How well do your observations end? What are the last words you say to a classroom teacher after witnessing a lesson that tries—and fails—to be culturally responsive? While communicating your high standards, do you reassure the teacher about your support along the journey to getting better? How do your own interactions with students, which tend to happen during the students' best or worst days in school (as you either mete out discipline or celebrate some great accomplishment) end? Do you take that extra moment to acknowledge something that makes them feel like the interaction was more than a detached visit from "on high?" Do you ask one more question that's not about their school performance? Or provide a quick revelation about yourself that rounds out their perception of you? All of these can be a splash of warm water that makes all the difference.

A Difficult Year

And finally, back to the 2020–2021 school year: It matters how we, together, end this thing. We've experienced a year-long deadly pandemic, a summer of racialized brutality and seismic resistance, a fraught presidential election and an insurrection, and a sudden bath of virtual learning that, for many of us who find sustenance in relationships, more often than not felt ice-cold.

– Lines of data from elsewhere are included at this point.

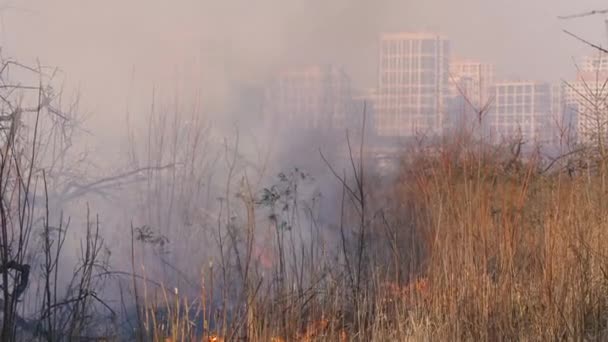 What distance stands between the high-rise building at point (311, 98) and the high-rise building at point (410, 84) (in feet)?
2.40

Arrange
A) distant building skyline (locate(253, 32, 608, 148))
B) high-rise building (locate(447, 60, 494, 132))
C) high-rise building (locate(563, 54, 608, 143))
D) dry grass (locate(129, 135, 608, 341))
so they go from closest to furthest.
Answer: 1. dry grass (locate(129, 135, 608, 341))
2. high-rise building (locate(563, 54, 608, 143))
3. distant building skyline (locate(253, 32, 608, 148))
4. high-rise building (locate(447, 60, 494, 132))

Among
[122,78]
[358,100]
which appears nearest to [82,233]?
[122,78]

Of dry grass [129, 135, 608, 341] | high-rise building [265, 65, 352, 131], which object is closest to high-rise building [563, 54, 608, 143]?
dry grass [129, 135, 608, 341]

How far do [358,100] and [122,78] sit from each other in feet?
10.4

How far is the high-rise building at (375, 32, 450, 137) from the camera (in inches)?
407

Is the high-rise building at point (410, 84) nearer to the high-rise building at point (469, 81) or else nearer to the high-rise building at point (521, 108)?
the high-rise building at point (469, 81)

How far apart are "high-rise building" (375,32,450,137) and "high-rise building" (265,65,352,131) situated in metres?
0.73

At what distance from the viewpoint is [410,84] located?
1078 centimetres

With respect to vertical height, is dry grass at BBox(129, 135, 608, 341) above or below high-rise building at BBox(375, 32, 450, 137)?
below

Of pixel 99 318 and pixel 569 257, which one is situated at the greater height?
pixel 569 257

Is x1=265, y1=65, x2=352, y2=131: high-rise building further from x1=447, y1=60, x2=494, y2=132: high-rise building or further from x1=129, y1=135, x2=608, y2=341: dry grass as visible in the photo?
x1=129, y1=135, x2=608, y2=341: dry grass

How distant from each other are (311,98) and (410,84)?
2.07m

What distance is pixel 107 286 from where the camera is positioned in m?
5.91

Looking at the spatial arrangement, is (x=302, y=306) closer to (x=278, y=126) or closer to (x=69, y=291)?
(x=69, y=291) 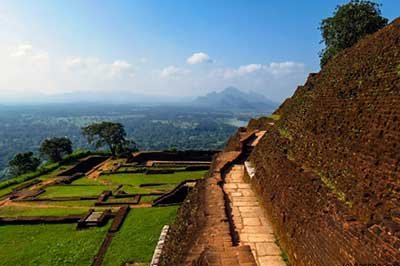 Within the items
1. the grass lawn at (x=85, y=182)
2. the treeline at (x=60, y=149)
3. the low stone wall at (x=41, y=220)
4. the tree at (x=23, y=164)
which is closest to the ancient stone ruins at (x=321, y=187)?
the low stone wall at (x=41, y=220)

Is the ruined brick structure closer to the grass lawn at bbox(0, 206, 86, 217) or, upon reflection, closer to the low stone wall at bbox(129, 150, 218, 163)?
the grass lawn at bbox(0, 206, 86, 217)

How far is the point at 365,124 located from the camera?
6195 mm

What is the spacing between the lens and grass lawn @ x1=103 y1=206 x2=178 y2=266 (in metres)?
12.3

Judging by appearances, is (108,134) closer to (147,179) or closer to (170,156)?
(170,156)

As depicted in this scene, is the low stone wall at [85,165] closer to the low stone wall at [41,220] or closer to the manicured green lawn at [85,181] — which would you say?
the manicured green lawn at [85,181]

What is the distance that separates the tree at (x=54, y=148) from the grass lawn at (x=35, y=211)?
826 inches

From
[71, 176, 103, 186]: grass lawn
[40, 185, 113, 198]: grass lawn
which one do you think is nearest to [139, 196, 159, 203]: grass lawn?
[40, 185, 113, 198]: grass lawn

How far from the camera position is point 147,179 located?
2803cm

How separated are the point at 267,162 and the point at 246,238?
133 inches

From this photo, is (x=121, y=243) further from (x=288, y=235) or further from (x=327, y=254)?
(x=327, y=254)

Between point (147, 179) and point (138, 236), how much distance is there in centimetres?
1402

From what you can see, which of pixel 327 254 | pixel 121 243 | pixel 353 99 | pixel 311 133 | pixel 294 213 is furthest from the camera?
pixel 121 243

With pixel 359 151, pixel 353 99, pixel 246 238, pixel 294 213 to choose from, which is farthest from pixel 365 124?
pixel 246 238

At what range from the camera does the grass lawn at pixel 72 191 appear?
77.9 feet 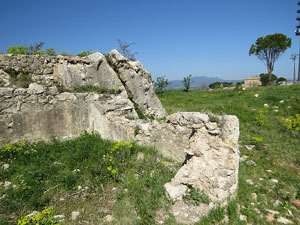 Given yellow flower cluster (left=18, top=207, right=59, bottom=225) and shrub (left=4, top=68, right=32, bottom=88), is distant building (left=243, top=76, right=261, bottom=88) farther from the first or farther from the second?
yellow flower cluster (left=18, top=207, right=59, bottom=225)

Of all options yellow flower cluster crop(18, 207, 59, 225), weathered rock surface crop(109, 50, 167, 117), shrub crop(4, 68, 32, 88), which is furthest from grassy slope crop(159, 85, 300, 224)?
shrub crop(4, 68, 32, 88)

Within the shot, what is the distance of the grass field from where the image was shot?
3326mm

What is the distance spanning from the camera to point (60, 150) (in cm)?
564

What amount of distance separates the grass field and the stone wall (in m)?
0.40

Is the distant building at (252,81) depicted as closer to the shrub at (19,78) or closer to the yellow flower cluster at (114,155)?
the yellow flower cluster at (114,155)

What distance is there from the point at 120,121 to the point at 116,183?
89.1 inches

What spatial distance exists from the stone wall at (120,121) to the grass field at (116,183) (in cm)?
40

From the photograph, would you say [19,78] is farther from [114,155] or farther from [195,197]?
[195,197]

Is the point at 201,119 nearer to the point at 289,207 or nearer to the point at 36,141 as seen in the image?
the point at 289,207

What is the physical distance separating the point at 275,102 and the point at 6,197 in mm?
13819

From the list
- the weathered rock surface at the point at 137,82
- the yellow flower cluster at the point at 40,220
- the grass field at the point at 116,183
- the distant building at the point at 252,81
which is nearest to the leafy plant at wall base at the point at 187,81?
the weathered rock surface at the point at 137,82

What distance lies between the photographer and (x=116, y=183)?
4227 mm

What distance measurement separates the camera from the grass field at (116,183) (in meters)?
3.33

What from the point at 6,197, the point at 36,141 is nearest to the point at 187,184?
the point at 6,197
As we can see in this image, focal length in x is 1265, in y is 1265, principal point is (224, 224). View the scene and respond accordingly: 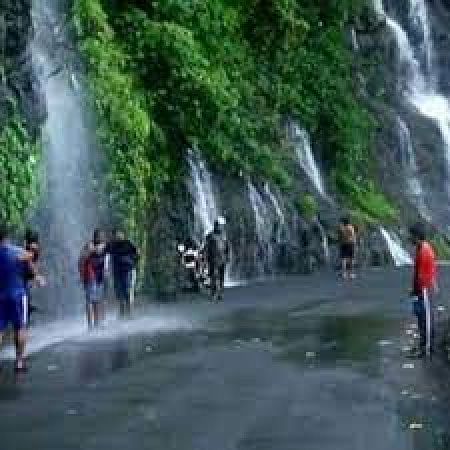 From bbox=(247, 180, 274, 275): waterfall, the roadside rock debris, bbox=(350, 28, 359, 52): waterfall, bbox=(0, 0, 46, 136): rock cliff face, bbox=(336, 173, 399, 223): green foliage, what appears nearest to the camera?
the roadside rock debris

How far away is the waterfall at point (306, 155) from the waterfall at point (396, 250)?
2240 mm

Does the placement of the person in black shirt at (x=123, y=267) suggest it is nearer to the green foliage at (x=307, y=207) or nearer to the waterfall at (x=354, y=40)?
the green foliage at (x=307, y=207)

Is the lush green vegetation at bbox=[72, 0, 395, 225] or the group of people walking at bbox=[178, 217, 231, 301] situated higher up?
the lush green vegetation at bbox=[72, 0, 395, 225]

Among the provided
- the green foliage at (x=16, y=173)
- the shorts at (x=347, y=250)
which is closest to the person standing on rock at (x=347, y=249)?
the shorts at (x=347, y=250)

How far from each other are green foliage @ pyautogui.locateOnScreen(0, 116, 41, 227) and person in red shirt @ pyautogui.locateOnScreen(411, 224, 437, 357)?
244 inches

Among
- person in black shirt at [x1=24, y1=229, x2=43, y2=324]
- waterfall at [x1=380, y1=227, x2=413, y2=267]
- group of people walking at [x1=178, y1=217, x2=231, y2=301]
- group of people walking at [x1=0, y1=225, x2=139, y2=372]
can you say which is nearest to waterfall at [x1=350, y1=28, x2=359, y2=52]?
waterfall at [x1=380, y1=227, x2=413, y2=267]

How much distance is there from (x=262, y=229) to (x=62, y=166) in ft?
32.5

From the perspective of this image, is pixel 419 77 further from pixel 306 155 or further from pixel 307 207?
pixel 307 207

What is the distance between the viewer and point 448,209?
44.2 meters

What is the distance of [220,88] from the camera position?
29312 millimetres

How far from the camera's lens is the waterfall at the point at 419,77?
157 ft

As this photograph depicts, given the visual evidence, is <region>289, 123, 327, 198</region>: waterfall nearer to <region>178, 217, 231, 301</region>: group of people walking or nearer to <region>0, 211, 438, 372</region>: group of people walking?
<region>178, 217, 231, 301</region>: group of people walking

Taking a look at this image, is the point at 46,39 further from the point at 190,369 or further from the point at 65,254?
the point at 190,369

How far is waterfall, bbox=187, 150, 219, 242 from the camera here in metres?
29.5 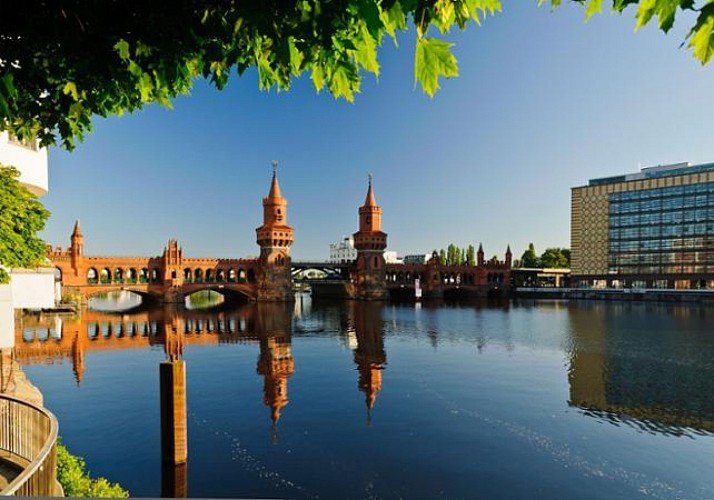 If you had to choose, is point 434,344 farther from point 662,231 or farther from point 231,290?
point 662,231

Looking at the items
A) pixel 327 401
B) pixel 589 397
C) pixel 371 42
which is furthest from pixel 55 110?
pixel 589 397

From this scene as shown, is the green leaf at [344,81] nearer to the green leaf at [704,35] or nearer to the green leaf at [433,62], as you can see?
the green leaf at [433,62]

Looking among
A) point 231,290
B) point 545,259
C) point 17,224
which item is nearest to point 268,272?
point 231,290

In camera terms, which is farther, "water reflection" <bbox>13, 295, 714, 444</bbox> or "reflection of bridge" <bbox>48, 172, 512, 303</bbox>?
"reflection of bridge" <bbox>48, 172, 512, 303</bbox>

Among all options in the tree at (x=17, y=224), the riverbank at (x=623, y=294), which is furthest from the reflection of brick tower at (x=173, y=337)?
the riverbank at (x=623, y=294)

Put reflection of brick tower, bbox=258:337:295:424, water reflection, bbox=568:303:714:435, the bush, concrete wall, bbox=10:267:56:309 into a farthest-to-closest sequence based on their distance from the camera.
A: reflection of brick tower, bbox=258:337:295:424, concrete wall, bbox=10:267:56:309, water reflection, bbox=568:303:714:435, the bush

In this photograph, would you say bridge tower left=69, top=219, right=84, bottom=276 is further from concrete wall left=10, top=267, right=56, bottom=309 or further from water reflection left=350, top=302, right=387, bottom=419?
concrete wall left=10, top=267, right=56, bottom=309

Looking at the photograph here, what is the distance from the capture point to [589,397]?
24.4 m

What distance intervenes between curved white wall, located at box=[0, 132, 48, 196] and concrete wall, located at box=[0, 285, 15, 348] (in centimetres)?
690

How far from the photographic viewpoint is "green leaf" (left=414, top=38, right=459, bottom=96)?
3049 mm

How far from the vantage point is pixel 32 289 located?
23891mm

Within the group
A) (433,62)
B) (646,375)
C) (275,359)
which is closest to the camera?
(433,62)

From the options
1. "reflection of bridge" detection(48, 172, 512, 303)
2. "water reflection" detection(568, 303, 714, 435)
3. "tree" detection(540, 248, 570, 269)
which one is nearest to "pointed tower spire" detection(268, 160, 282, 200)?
"reflection of bridge" detection(48, 172, 512, 303)

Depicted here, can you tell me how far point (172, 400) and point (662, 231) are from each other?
131544 mm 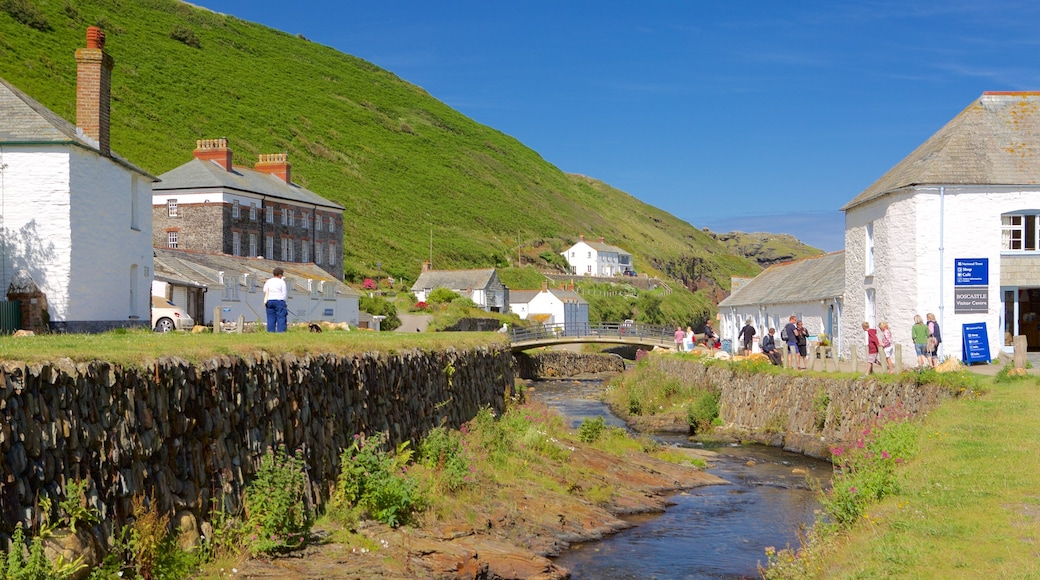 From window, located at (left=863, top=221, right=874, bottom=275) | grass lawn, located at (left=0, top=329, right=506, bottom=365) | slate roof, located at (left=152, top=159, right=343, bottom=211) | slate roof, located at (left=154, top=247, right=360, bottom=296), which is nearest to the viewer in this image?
grass lawn, located at (left=0, top=329, right=506, bottom=365)

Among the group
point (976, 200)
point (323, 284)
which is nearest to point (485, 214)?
point (323, 284)

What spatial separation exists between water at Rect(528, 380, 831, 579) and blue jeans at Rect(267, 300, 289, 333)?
352 inches

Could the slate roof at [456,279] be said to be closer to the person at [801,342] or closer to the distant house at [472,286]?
the distant house at [472,286]

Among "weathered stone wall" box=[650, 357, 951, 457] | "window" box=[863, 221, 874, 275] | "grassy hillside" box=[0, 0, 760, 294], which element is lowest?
"weathered stone wall" box=[650, 357, 951, 457]

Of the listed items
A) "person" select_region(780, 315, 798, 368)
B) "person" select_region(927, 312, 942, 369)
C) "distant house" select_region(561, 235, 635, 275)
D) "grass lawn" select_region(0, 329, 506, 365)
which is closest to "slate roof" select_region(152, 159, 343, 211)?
"person" select_region(780, 315, 798, 368)

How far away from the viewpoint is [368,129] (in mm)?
Result: 171625

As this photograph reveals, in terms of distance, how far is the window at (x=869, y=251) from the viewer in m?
35.5

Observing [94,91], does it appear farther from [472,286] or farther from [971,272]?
[472,286]

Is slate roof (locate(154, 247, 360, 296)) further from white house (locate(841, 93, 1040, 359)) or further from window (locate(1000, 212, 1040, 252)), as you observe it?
window (locate(1000, 212, 1040, 252))

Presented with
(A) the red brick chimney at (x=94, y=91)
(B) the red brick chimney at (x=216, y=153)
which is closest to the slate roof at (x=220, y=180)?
(B) the red brick chimney at (x=216, y=153)

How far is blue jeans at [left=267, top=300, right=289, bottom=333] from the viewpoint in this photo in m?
22.5

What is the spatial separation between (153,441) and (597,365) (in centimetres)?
6946

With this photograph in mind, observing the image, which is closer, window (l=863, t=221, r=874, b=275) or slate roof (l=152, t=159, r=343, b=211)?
window (l=863, t=221, r=874, b=275)

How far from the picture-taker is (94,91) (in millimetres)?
28312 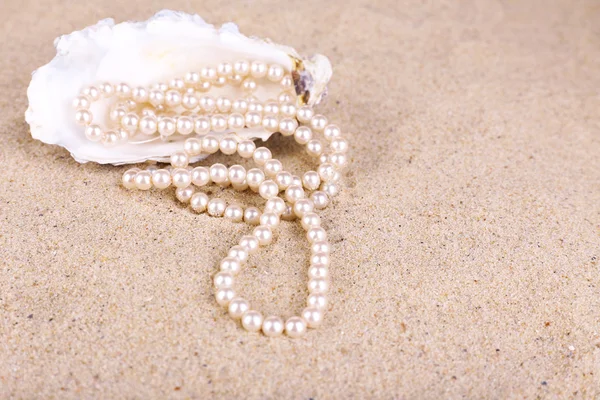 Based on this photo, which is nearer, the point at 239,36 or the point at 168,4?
the point at 239,36

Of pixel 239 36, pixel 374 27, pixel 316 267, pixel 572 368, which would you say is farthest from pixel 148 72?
pixel 572 368

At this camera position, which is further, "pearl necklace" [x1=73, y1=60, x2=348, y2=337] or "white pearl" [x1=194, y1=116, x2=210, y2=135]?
"white pearl" [x1=194, y1=116, x2=210, y2=135]

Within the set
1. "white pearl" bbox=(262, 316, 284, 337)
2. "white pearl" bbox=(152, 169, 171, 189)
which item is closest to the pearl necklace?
"white pearl" bbox=(152, 169, 171, 189)

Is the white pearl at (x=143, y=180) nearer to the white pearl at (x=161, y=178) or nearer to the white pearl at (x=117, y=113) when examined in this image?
the white pearl at (x=161, y=178)

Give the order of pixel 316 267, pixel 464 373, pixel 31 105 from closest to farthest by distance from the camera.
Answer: pixel 464 373
pixel 316 267
pixel 31 105

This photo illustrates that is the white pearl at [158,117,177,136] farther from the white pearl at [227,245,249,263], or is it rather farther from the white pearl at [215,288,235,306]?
the white pearl at [215,288,235,306]

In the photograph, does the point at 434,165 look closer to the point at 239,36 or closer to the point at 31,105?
the point at 239,36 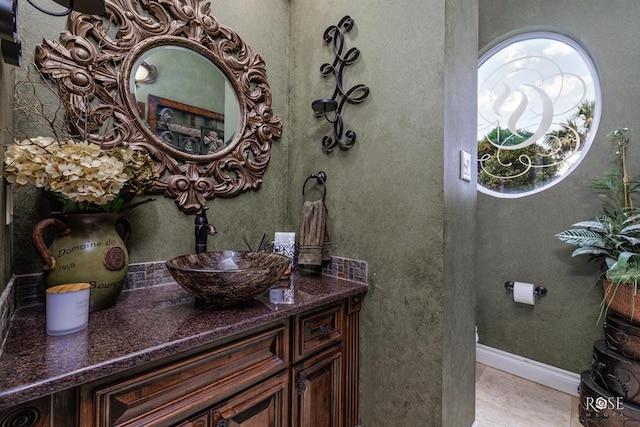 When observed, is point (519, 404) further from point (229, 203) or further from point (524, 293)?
point (229, 203)

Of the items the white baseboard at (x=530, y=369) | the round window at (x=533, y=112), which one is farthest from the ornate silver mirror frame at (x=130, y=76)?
the white baseboard at (x=530, y=369)

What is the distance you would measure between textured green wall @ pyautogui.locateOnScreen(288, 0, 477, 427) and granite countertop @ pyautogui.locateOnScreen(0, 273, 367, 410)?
14.2 inches

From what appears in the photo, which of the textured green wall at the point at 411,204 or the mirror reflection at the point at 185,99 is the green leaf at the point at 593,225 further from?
the mirror reflection at the point at 185,99

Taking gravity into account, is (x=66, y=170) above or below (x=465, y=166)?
below

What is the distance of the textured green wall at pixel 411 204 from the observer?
1132mm

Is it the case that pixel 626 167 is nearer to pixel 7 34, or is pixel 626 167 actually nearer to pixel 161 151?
pixel 161 151

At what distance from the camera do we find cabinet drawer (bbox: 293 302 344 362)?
1.05 metres

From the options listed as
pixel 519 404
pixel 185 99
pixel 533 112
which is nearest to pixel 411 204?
pixel 185 99

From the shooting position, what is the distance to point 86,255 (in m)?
0.87

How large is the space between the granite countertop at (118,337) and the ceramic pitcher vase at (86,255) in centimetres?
9

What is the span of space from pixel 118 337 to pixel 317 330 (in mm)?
682

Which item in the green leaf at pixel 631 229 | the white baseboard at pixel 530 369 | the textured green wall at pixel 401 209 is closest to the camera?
the textured green wall at pixel 401 209

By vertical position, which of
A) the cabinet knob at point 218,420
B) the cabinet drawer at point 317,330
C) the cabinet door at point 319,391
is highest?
the cabinet drawer at point 317,330

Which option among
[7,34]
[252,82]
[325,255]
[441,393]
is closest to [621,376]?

We could use a splash of warm water.

In these last two months, it matters how we treat each other. Leaders, this may not be the time to announce that new initiative that you've been dreaming up. Your staff is tired. What can you take off their plates? Classroom teachers, your kids have just about made it. Clear the field. Offer that extension. Excuse that assignment. Round up that last project grade if it gives a kid's final report card grade a bit of a boost.

We all have the power to impact how the folks who share our school communities remember this time. Let us, by showing grace, make the memory of this stormy school year just a bit more peaceful.